We also suggest you review the legal employers’ Open Letter to Law Students (click here) for important callback advice.
- Making Arrangements
- Collecting Reimbursement from the Employer(s)
- Splitting Expenses Among Employers
- Combining an Employer-Paid Interview Trip with Personal Travel
- Paying for Spouse or Significant Other Travel
1. Purpose and Format of Callbacks
Congratulations! Your on-campus interviews have led to one or more callbacks. This means that the employer is interested in you and wants to get to know you better. They also want you to have the opportunity to get to know them, and for both of you to determine whether you would be a good match with the firm.
You must promptly acknowledge every callback invitation (within a day or two) — even if you are not yet sure whether you are going to take it — and accept or reject it as soon as possible.

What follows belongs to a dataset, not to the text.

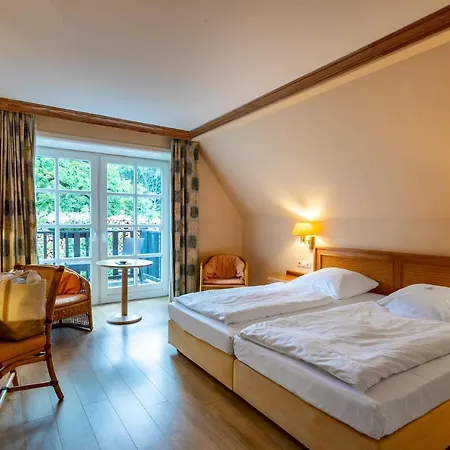 فندق Hoepen شنيفردينغين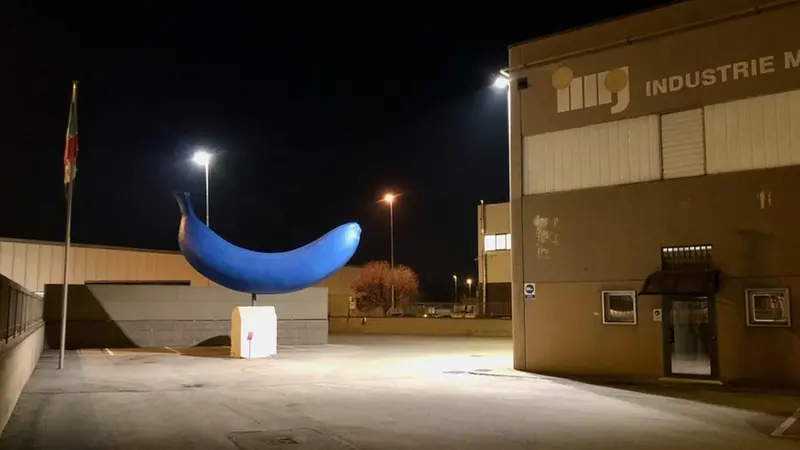 «The Blue Banana», opera monumentale dell’artista neo pop Giuseppe Veneziano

Given current market conditions, you should not wait too long to decide and, if you decide to accept the callback, try to schedule it to take place as soon as you possibly can. Failing to timely respond to each invitation in some way (yes, no, or you need some additional time to think about it) will put your developing professional reputation (and the reputation of the Law School) at risk.
If your early results indicate that you are likely to get a large number of call-back invitations, it is completely appropriate to respond to a callback invitation in the following manner: thank them for the invitation, indicate that you are in the process of determining your call-back schedule, and promise to contact them as soon as you can to apprise them of whether you will be accepting the callback. Do not delay turning down a call-back because you think it is impolite; it may open an opportunity for a classmate.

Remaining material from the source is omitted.